This exercise calls for printing every record exactly once more.

========

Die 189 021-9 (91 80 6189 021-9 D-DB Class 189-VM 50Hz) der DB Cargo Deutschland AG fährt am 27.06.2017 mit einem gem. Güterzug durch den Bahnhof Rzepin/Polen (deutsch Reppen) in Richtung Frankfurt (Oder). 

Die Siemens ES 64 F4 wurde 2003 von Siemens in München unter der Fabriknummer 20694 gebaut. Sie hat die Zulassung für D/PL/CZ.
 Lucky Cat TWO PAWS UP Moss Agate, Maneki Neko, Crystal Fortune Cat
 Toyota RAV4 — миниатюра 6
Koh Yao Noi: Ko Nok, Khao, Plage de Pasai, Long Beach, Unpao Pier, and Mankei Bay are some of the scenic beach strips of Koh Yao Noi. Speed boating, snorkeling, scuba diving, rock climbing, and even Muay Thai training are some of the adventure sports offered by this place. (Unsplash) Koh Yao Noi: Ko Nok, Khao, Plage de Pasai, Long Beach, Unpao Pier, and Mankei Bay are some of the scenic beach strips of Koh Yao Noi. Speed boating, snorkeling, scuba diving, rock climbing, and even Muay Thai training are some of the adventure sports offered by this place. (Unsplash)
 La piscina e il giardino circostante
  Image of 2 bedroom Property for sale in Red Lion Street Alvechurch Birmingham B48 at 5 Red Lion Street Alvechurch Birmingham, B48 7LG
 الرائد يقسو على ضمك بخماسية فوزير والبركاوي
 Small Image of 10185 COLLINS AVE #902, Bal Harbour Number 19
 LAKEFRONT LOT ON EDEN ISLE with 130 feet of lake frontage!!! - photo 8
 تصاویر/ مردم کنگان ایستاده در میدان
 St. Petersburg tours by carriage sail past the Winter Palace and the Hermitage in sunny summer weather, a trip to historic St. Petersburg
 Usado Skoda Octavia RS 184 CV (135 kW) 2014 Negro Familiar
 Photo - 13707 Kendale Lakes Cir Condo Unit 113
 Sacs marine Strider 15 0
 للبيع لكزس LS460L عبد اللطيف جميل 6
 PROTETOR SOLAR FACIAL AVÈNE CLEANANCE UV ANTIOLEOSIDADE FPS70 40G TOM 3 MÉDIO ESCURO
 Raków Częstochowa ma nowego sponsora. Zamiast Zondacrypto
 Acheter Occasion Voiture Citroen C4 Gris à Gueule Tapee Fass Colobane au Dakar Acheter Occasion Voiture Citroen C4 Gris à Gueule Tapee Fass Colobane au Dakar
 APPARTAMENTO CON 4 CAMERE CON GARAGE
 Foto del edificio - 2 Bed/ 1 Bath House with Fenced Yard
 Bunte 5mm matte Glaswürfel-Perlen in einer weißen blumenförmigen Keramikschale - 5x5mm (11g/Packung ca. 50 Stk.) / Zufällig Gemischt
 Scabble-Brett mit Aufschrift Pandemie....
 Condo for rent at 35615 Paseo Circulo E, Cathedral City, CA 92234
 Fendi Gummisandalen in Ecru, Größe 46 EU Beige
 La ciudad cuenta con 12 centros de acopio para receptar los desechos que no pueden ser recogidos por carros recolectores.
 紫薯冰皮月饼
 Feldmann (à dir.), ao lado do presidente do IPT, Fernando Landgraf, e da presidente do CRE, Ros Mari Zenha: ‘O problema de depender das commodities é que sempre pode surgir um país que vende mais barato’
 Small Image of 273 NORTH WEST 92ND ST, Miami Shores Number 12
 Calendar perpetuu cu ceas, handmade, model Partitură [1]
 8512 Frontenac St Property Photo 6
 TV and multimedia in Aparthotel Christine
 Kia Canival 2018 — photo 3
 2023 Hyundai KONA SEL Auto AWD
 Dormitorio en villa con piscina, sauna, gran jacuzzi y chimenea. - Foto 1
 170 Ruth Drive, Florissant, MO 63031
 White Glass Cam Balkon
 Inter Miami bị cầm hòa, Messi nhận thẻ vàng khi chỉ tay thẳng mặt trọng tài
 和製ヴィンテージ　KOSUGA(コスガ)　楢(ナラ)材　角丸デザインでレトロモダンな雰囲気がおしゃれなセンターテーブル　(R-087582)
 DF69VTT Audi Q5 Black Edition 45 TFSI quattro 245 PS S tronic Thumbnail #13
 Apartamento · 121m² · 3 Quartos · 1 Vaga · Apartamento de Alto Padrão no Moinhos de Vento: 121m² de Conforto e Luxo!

========

* TASK RESPONSE *
Die 189 021-9 (91 80 6189 021-9 D-DB Class 189-VM 50Hz) der DB Cargo Deutschland AG fährt am 27.06.2017 mit einem gem. Güterzug durch den Bahnhof Rzepin/Polen (deutsch Reppen) in Richtung Frankfurt (Oder). 

Die Siemens ES 64 F4 wurde 2003 von Siemens in München unter der Fabriknummer 20694 gebaut. Sie hat die Zulassung für D/PL/CZ.
 Lucky Cat TWO PAWS UP Moss Agate, Maneki Neko, Crystal Fortune Cat
 Toyota RAV4 — миниатюра 6
Koh Yao Noi: Ko Nok, Khao, Plage de Pasai, Long Beach, Unpao Pier, and Mankei Bay are some of the scenic beach strips of Koh Yao Noi. Speed boating, snorkeling, scuba diving, rock climbing, and even Muay Thai training are some of the adventure sports offered by this place. (Unsplash) Koh Yao Noi: Ko Nok, Khao, Plage de Pasai, Long Beach, Unpao Pier, and Mankei Bay are some of the scenic beach strips of Koh Yao Noi. Speed boating, snorkeling, scuba diving, rock climbing, and even Muay Thai training are some of the adventure sports offered by this place. (Unsplash)
 La piscina e il giardino circostante
  Image of 2 bedroom Property for sale in Red Lion Street Alvechurch Birmingham B48 at 5 Red Lion Street Alvechurch Birmingham, B48 7LG
 الرائد يقسو على ضمك بخماسية فوزير والبركاوي
 Small Image of 10185 COLLINS AVE #902, Bal Harbour Number 19
 LAKEFRONT LOT ON EDEN ISLE with 130 feet of lake frontage!!! - photo 8
 تصاویر/ مردم کنگان ایستاده در میدان
 St. Petersburg tours by carriage sail past the Winter Palace and the Hermitage in sunny summer weather, a trip to historic St. Petersburg
 Usado Skoda Octavia RS 184 CV (135 kW) 2014 Negro Familiar
 Photo - 13707 Kendale Lakes Cir Condo Unit 113
 Sacs marine Strider 15 0
 للبيع لكزس LS460L عبد اللطيف جميل 6
 PROTETOR SOLAR FACIAL AVÈNE CLEANANCE UV ANTIOLEOSIDADE FPS70 40G TOM 3 MÉDIO ESCURO
 Raków Częstochowa ma nowego sponsora. Zamiast Zondacrypto
 Acheter Occasion Voiture Citroen C4 Gris à Gueule Tapee Fass Colobane au Dakar Acheter Occasion Voiture Citroen C4 Gris à Gueule Tapee Fass Colobane au Dakar
 APPARTAMENTO CON 4 CAMERE CON GARAGE
 Foto del edificio - 2 Bed/ 1 Bath House with Fenced Yard
 Bunte 5mm matte Glaswürfel-Perlen in einer weißen blumenförmigen Keramikschale - 5x5mm (11g/Packung ca. 50 Stk.) / Zufällig Gemischt
 Scabble-Brett mit Aufschrift Pandemie....
 Condo for rent at 35615 Paseo Circulo E, Cathedral City, CA 92234
 Fendi Gummisandalen in Ecru, Größe 46 EU Beige
 La ciudad cuenta con 12 centros de acopio para receptar los desechos que no pueden ser recogidos por carros recolectores.
 紫薯冰皮月饼
 Feldmann (à dir.), ao lado do presidente do IPT, Fernando Landgraf, e da presidente do CRE, Ros Mari Zenha: ‘O problema de depender das commodities é que sempre pode surgir um país que vende mais barato’
 Small Image of 273 NORTH WEST 92ND ST, Miami Shores Number 12
 Calendar perpetuu cu ceas, handmade, model Partitură [1]
 8512 Frontenac St Property Photo 6
 TV and multimedia in Aparthotel Christine
 Kia Canival 2018 — photo 3
 2023 Hyundai KONA SEL Auto AWD
 Dormitorio en villa con piscina, sauna, gran jacuzzi y chimenea. - Foto 1
 170 Ruth Drive, Florissant, MO 63031
 White Glass Cam Balkon
 Inter Miami bị cầm hòa, Messi nhận thẻ vàng khi chỉ tay thẳng mặt trọng tài
 和製ヴィンテージ　KOSUGA(コスガ)　楢(ナラ)材　角丸デザインでレトロモダンな雰囲気がおしゃれなセンターテーブル　(R-087582)
 DF69VTT Audi Q5 Black Edition 45 TFSI quattro 245 PS S tronic Thumbnail #13
 Apartamento · 121m² · 3 Quartos · 1 Vaga · Apartamento de Alto Padrão no Moinhos de Vento: 121m² de Conforto e Luxo!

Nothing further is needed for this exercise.